Chlorpromazine increases the turnover of metabolically active phosphoinositides and elevates the steady-state level of phosphatidylinositol-4-phosphate in human platelets

Abstract

Non-permeabilizing concentrations (<40 μM) of chlorpromazine (CPZ) increase the radioactivity of phosphatidylinositol-4-phosphate (PIP) in platelets pre-labelled with [ 32P]P i, but the biochemical mechanisms underlying this increase are poorly understood.

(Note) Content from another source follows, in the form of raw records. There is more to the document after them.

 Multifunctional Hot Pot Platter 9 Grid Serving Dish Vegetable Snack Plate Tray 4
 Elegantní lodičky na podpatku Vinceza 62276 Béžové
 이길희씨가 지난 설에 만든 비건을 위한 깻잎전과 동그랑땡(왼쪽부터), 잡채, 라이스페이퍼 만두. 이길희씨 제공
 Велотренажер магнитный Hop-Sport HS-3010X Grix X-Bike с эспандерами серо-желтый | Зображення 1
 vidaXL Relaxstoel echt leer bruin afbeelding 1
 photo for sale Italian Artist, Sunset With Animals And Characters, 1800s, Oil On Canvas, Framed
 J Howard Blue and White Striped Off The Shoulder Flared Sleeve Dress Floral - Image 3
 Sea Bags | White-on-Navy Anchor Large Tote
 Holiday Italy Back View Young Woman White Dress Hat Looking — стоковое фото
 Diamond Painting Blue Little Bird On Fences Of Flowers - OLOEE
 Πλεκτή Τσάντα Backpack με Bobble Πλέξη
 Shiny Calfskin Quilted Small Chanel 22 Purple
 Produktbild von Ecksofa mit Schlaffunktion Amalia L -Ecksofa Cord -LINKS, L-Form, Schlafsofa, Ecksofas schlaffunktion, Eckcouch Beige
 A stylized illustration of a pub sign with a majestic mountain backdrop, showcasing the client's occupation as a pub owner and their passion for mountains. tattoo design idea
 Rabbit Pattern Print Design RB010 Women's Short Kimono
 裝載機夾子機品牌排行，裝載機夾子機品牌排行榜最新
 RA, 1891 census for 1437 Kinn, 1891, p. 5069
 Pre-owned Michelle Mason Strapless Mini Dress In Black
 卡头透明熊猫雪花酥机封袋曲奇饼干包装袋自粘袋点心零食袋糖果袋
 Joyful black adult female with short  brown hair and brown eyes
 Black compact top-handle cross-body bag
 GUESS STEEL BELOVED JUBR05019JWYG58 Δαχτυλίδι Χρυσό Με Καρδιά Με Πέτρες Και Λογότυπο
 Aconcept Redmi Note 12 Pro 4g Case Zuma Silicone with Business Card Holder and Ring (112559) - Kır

Incubation of [ 32P]P i-labelled, gelfiltered platelets with 25 μM CPZ for 10 min increased: (1) the mass of PIP from 315 to 476 nmol 10 11 platelets but not the total inositol phospholipid mass, (2) the specific phosphodiester radioactivities in phosphatidylinositol (PI), PIP and phosphatidylinositol-4,5-bisphosphate (PIP 2) by 34, 63 and 37%, respectively, and (3) the specific phosphomonoester radioactivities in PIP and PIP 2 by 53 and 10%, respectively. In control platelets (no CPZ) the specific radioactivity of the phosphodiester was the same in PI, PIP and PIP 2, and the specific radioactivity in the phosphomonoester in PIP and PIP 2 was 55% of that of the γ-phosphoryl in ATP, measured as metabolically active, actin-bound ADP. These results suggest that 55% of each of PI, PIP and PIP 2 constitutes a metabolic pool which is labelled by 32P in the platelets, while the remainder is in a metabolically inactive pool and not labelled. CPZ has two major effects: (1) CPZ interferes with the kinase and phosphohydrolase reactions that maintain the steady-state level of PIP in the metabolic phosphoinositide pool, resulting in a 92% increase in the PIP level of this pool, and (2) CPZ causes synthesis (45% in 10 min) of new phosphodiester in the metabolically active phosphoinositides by tentative stimulation of the turnover of the phosphoinositide cycle, de novo phosphoinositide synthesis and/or diacylglycerol formation through phospholipases C and D. The marked alteration by CPZ of phosphoinositide metabolism may be part of the mechanism by which this drug effects its psychotropic action.